Union Pacific also told the STB that the merger could move volume away from highways and onto rails at scale. The company projected shifting 2.1 million truckloads to trains, and said doing so could save shippers $3.5 billion because rail is cheaper than trucking over long distances.
Opponents, including some current major rail shippers and rail competitors, have argued that the merger would increase market power and could drive up rates for customers with limited options besides rail. The complaints include concerns that shipping rates could rise for existing customers if the combined railroads gain monopoly power across the country, according to the new filing’s discussion of critics’ position.
Katie Farmer, CEO of BNSF, argued against the deal in a quote included in the reporting. “This did not begin with a customer asking for a UP-NS merger to happen,” Farmer said. “It’s driven by Wall Street on the promise of a big shareholder payout. It will eliminate competition, raise costs for consumers, and destabilize the supply chain that powers the American economy.”
Union Pacific said it does not plan to compete with that argument by trying to avoid scrutiny, but instead by emphasizing operational preparation and safeguards intended to limit disruption. Vena said the railroads can avoid integration problems seen in some past mergers by “taking it slow while listening to a new board of customers about the impact,” and he compared the planned period to an extended, difficult contest in which service and pricing would be tested rather than assumed.

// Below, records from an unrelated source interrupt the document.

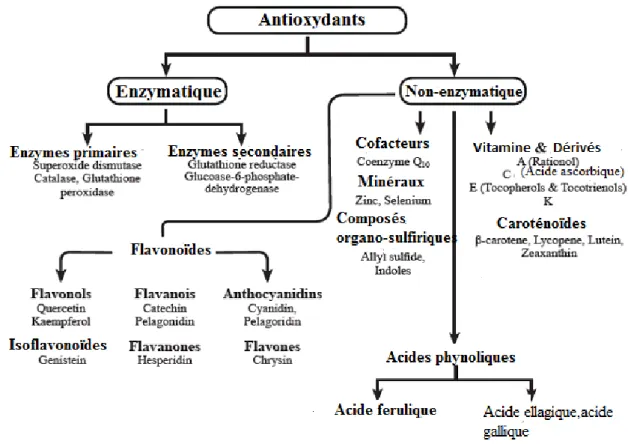 Figure 2: Classification des antioxydants (Carocho et Ferreira, 2013) 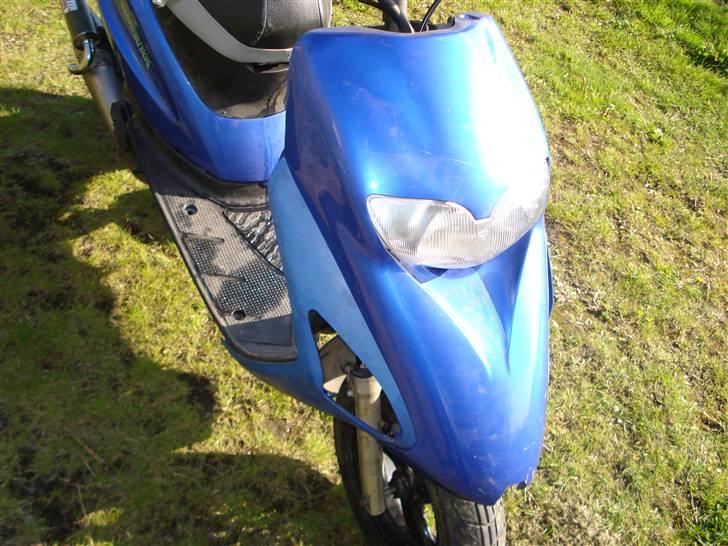 Honda SFX [ SexY] billede 7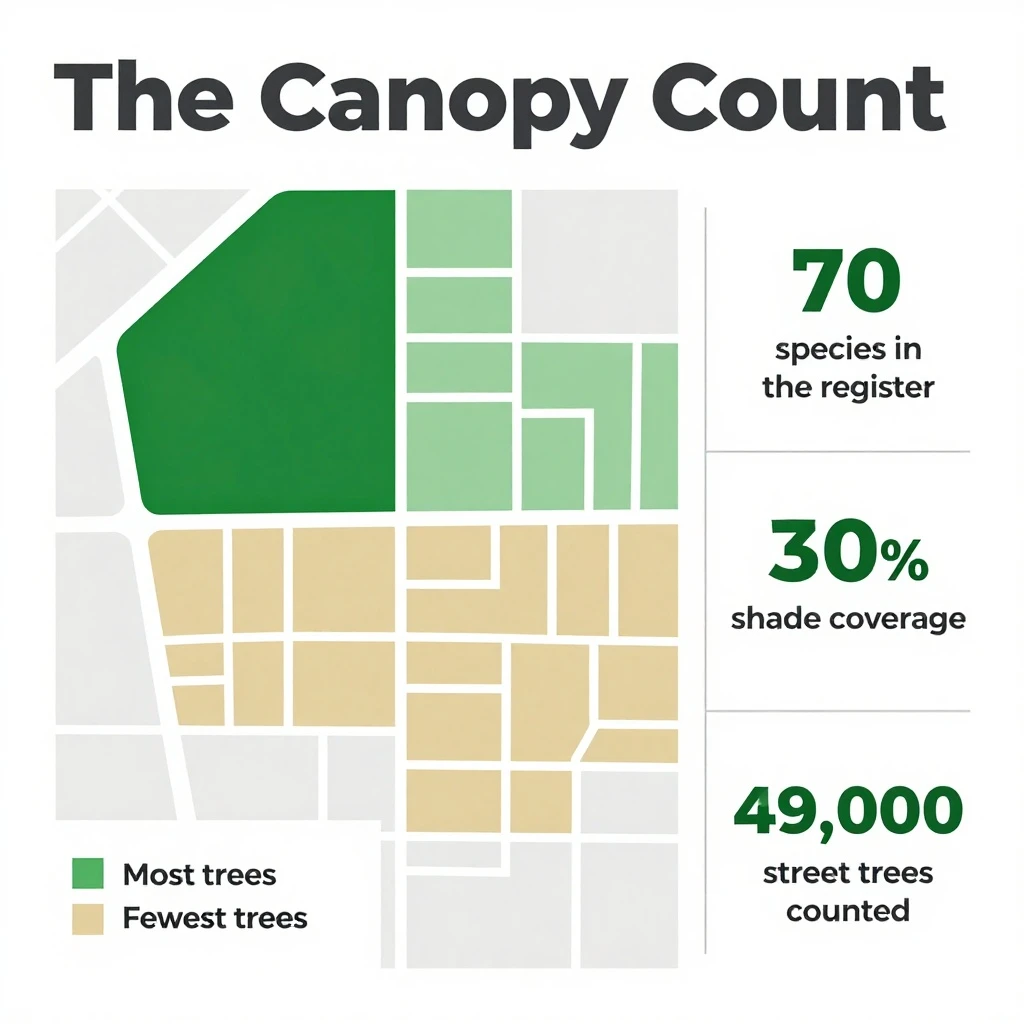 Flat infographic titled "The Canopy Count": at the center a simplified street map with shaded districts, carrying two keyed regions, "Most trees" shaded dark green and "Fewest trees" shaded tan, beside a right column of three stat chips reading "70 species in the register", "30% shade coverage" and "49,000 street trees counted".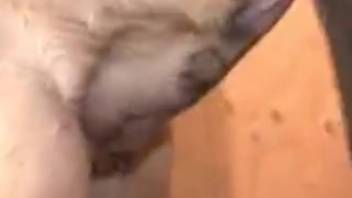 Detailed shot of vagina pounded by stiff dick in doggy style
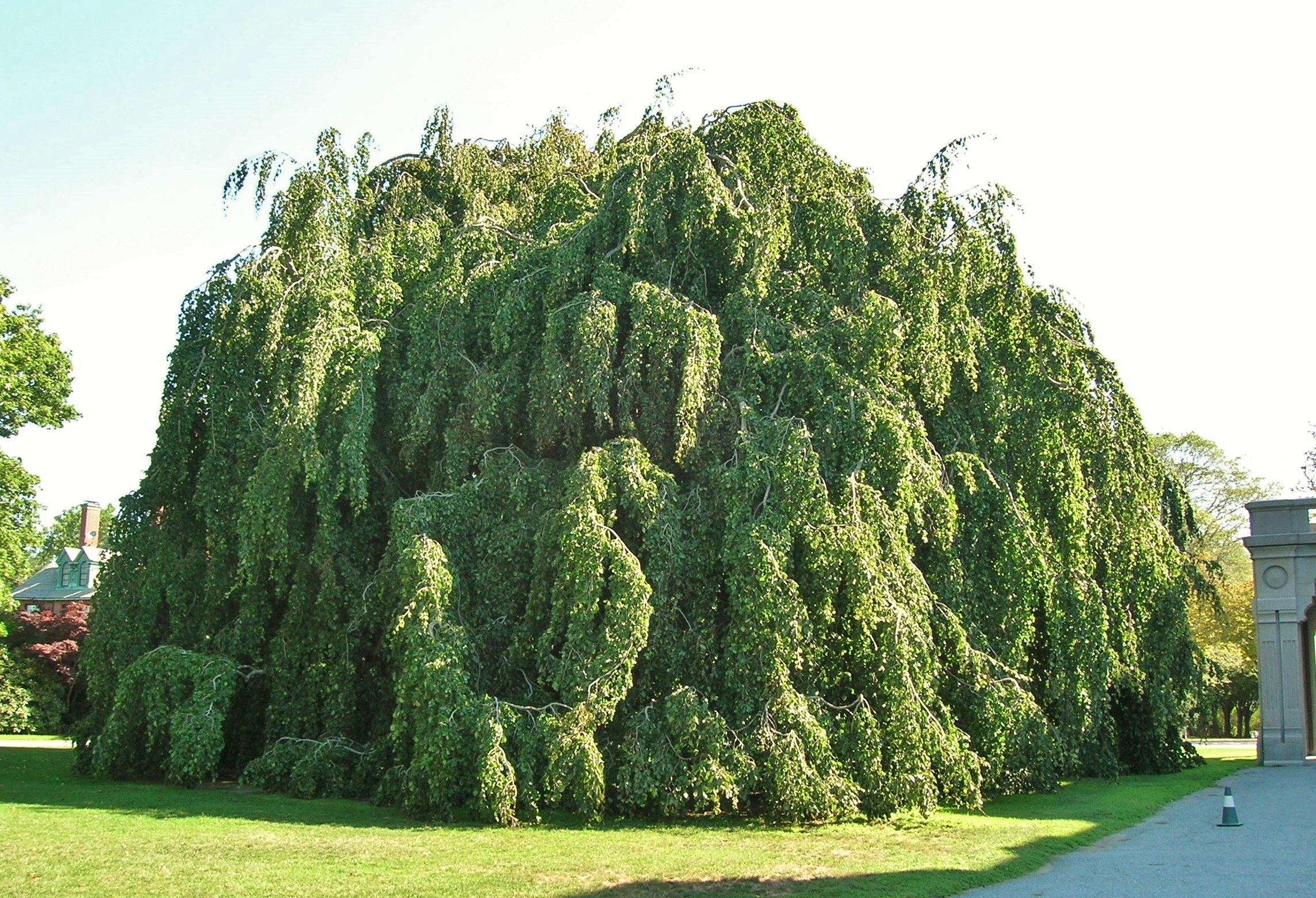 The Weeping Beech Hyde Park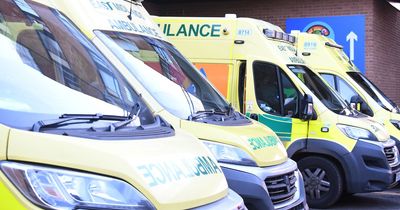 Military to step in as East Midlands Ambulance Service expects 'challenging week' due to strikes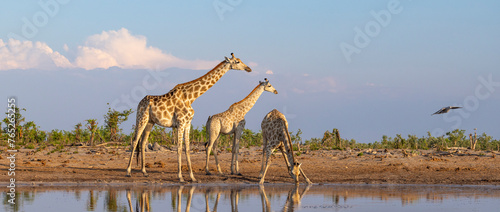Group of giraffe at a waterhole in Botswana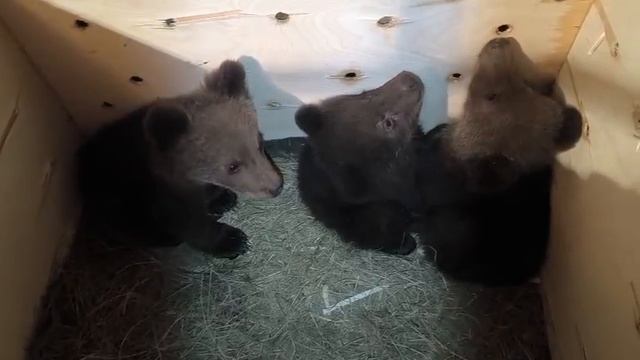 Эти малыши не знают, что стали знаменитостями! 💫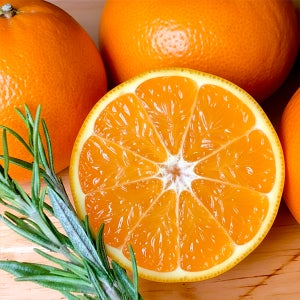 제주 비가림 고당도 노지 조생 꼬마 하우스 타이백 감귤 제철과일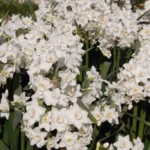Narcissus tazetta Grand Primo — photo 2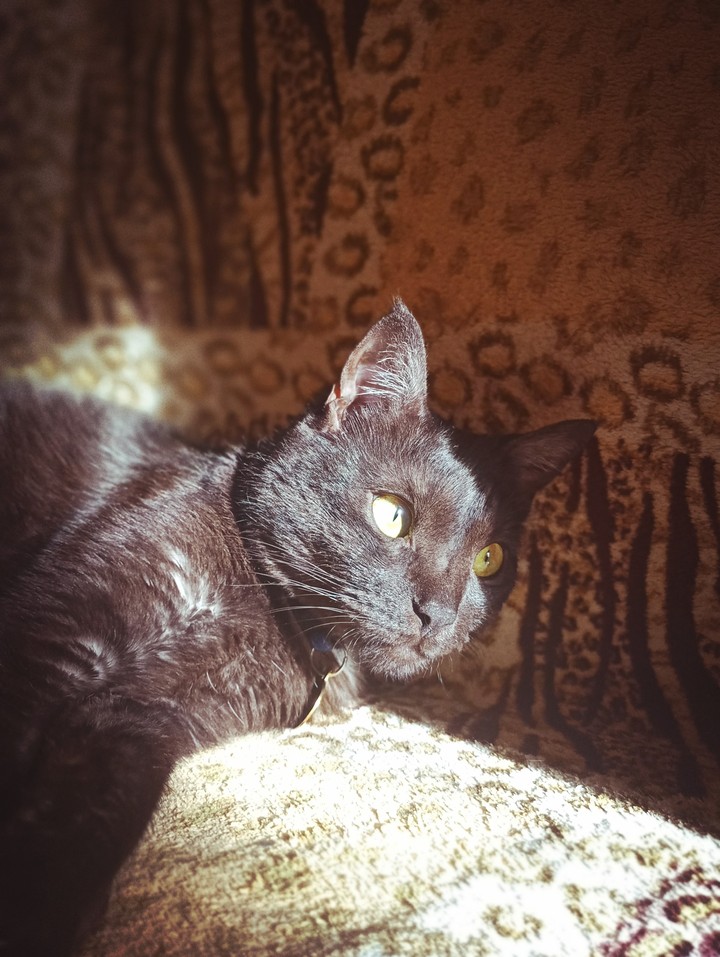cat on the sun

The merger has also generated debate about employment and the economics of staffing changes. Union Pacific said it has promised that union employees who have jobs with either railroad at the time of the merger will have jobs for life, while acknowledging that the workforce could still shrink through attrition if shipment volumes slow. Union Pacific also predicted that more than 1,200 new jobs would be created by the third year after approval, revising an earlier projection of 900 new jobs based on updated traffic data analyzed across the major freight railroads.
Union Pacific said the deal includes additional deal terms that could change its risk profile as regulators and the public review proceed. The company said it could consider walking away if the STB requires more than $750 million in concessions, and it said the agreement gives Norfolk Southern a $2.5 billion breakup fee if the deal falls apart.
As the review process begins, the two rail networks described in the filing largely overlap across different regions of the country today. Norfolk Southern and CSX serve the eastern U.S., while Union Pacific and BNSF serve the west, and the two major Canadian railroads compete through tracks that cross Canada and extend into the United States and Mexico. Union Pacific said it expects a merged company would control nearly 40% of the nation’s freight, while also saying that BNSF currently delivers that amount and therefore the deal would shift which railroad dominates rather than dramatically change the competitive balance.
Union Pacific also addressed specific competition concerns about a major rail asset in St. Louis. The company said it will ensure the merged railroad never controls more than 50% of the Terminal Railroad Association of St. Louis after opponents questioned its earlier approach. The company said Union Pacific currently owns nearly 43% of the terminal railroad, while Norfolk Southern owns more than 14%, and it said it had previously suggested temporarily becoming the majority owner during the transition after the merger.
One quote from Vena was also included in the reporting as the CEO argued for an outcome favorable to customers. “The first few years after this, it’s gonna be like one of those old 15-round boxing fights. Prices are gonna be used, the service is going to be used, everything. And I think the customer’s going to be the winner in all this while we knock down, drag it out, to see who can win and grow their market share,” Vena said.